St. Nicholas – There is a reason Santa is often called St. Nick. based on St. Nicholas, a fourth-century Greek bishop who protected children, among others. St. Nicholas Day is still commonly celebrated across Europe on December 6th.

Christmas Boats in Greece – In Greece you will often find boats festooned with strings of lights, whether in the water or in the town square. It may have something to do with Greece’s maritime history.

Las Posadas, Mexico – Las Posadas (meaning inns), are nightly processionals for the nine days proceeding Christmas Eve. The posadas recreate the tradition of Jesus and Mary seeking shelter.

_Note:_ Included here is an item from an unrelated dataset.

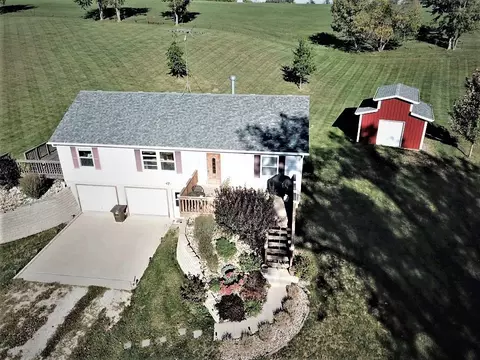 402 Knotts First St, Lucas, IA 50151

Sufganiyot, Israel – Sufganiyot, jelly-filled doughnuts (think Paczki on Fat Tuesday) topped with powdered sugar, are commonly enjoyed by Sephardic Jews (of Spanish, Middle Eastern and African origin) during Hanukkah.

Winter Solstice, United Kingdom – Winter Solstice is an ancient tradition — possibly dating as far back as the Stone Age — that observes the shortest day of the year. England’s Stonehenge is thought to be one of the earliest epicenters for marking the longest night of the year due to the placement of the stones.

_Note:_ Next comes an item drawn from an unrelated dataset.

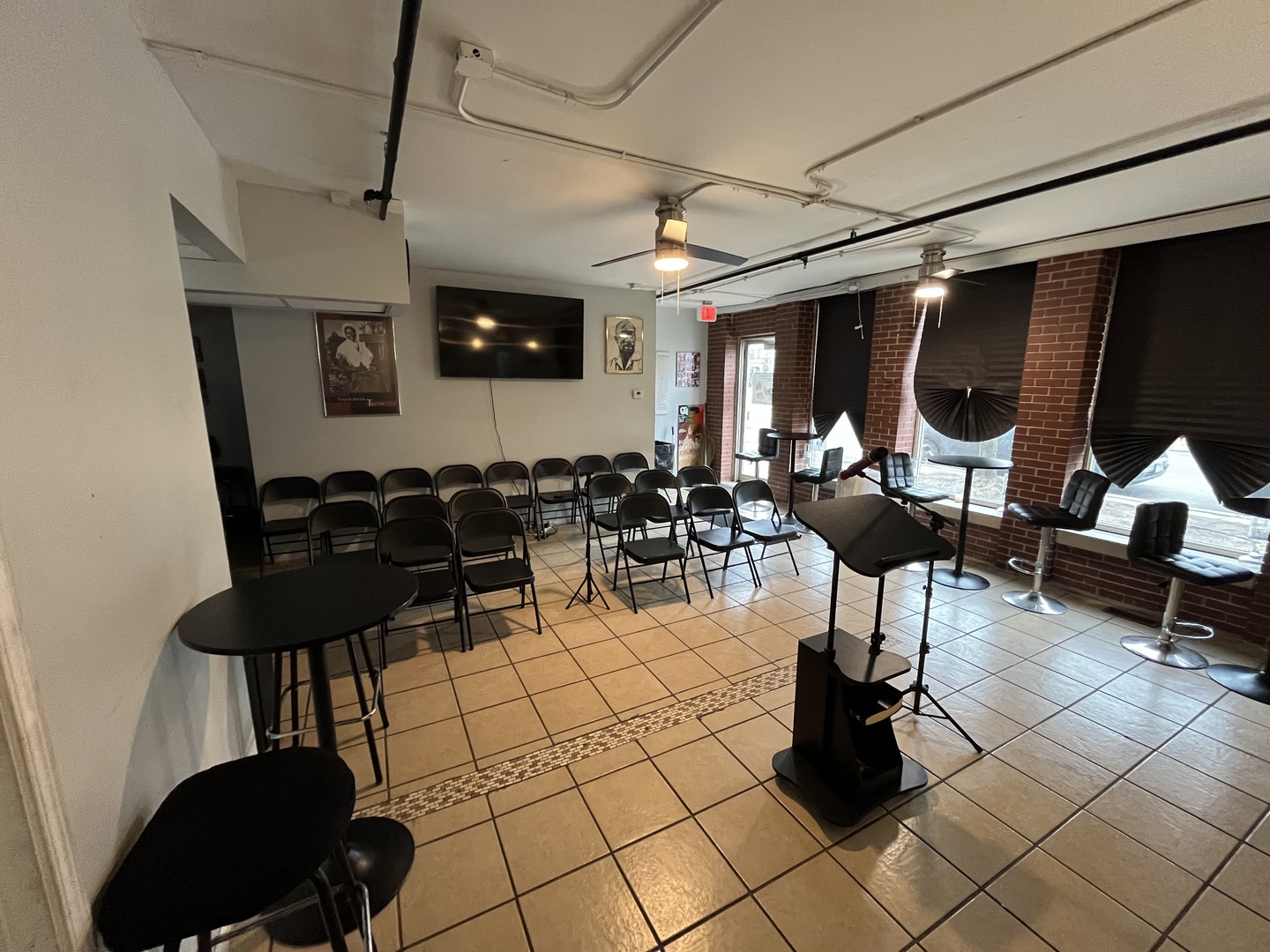 3957 South King Drive Chicago IL 60653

Yule Goat, Scandinavia – Yes, Yule Goat, not Yule Log. Throughout Scandinavia, especially Sweden, Norway and Finland, locals celebrate a variation of the Santa Claus legend, which involves him riding a goat instead of a sleigh pulled by reindeer. As such, it’s common to find goat ornaments everywhere.

Junkanoo, Bahamas – Not to be confused with Carnival, a Catholic tradition associated with Lent, the immensely popular street festival called Junkanoo claims different roots. Locals believe it evolved from an 18th-century tradition when slaves would celebrate having three days off during Christmas.

Ded Moroz, Russia – While much of the world’s Christian community embraces Santa Claus or St. Nick, Russians welcome Ded Moroz each year, an ancient figure from Slavic mythology. Also called Father Frost, the Santa-like character brings gifts to children, except he delivers them on New Year’s Eve.

So, if you’re travelling around Christmas time, here are some fun things to try!